In this case, the only instruction the judge provided was that "certain statements . . . concerning other incidents . . . other than this one . . . [are] not to be considered . . . other than for the issue of credibility concerning the statement allegedly made to the police by [defendant]." As noted, the evidence should not have been admitted to assess credibility; moreover, the instruction never told the jury about "the prohibited purposes of the evidence." Ibid.

We also cannot rest assured that defendant would have decided to testify on his own behalf had the drug abuse testimony elicited from Pasteur and Wolff been properly excluded. See P.S., supra, 202 N.J. at 260 (finding harmful error even though the impermissible evidence was not admitted before the jury because it "forced [the] defendant to alter his trial strategy").

In sum, we cannot conclude the evidential rulings were harmless beyond a reasonable doubt. We are therefore reluctantly constrained to reverse.

Reversed.8

1 The indictment charged defendant with several other unrelated crimes. These charges were severed for purposes of trial.
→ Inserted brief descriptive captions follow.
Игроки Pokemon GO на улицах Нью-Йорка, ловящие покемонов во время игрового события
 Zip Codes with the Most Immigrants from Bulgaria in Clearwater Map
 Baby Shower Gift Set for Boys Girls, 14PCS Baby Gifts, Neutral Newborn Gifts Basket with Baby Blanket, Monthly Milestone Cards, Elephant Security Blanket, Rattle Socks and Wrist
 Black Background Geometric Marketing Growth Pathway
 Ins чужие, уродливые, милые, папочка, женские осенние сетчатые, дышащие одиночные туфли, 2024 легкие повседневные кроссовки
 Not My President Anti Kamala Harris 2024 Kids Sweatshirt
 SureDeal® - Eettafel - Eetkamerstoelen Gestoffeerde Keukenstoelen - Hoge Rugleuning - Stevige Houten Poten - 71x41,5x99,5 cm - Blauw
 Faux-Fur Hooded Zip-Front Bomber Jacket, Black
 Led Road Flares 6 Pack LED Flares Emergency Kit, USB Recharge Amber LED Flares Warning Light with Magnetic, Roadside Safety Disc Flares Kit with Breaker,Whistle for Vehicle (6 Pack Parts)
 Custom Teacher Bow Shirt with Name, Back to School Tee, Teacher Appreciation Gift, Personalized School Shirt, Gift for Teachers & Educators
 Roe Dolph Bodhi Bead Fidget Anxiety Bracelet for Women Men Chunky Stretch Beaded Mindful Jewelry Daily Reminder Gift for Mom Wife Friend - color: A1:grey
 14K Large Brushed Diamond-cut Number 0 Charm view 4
The record does not disclose the disposition of the balance of the indictment.

2 Patrolman Donald Heck of the Metuchen Police Department testified that defendant and Hill were stopped in Metuchen on October 1, 2004, at approximately 11:40 a.m., in a green 1992 Ford Probe missing its rear window.

3 Miranda v. Arizona, 384 U.S. 436, 86 S. Ct. 1602, 16 L. Ed. 2d 694 (1966).

4 The statement itself is not in the record.

5 The evidence was admitted after the judge conducted a Sands/Brunson hearing and sanitized defendant's two prior robbery convictions. See State v. Sands, 76 N.J. 127, 147 (1978); see also State v. Brunson, 132 N.J. 377, 391 (1993).

6 The other charges contained in the indictment that were severed for purposes of trial included another robbery, two burglaries, and a forgery against Pearl Hardy. It is unclear whether all of these charges were based upon admissions contained in defendant's statement to Pasteur.

7 During his cross-examination, without specific reference to the use of drugs, the prosecutor accentuated this irrelevant testimony regarding the reason for defendant's termination. He extensively questioned defendant about his application for unemployment benefits, and read from a "document" defendant received from the Department of Labor indicating that he was terminated because he "demand[ed] to be paid on a daily basis as opposed to the company's regular weekly payment schedule."

8 The substantive points raised in defendant's pro se brief lack sufficient merit to warrant any discussion in this opinion. R. 2:11-3(e)(2).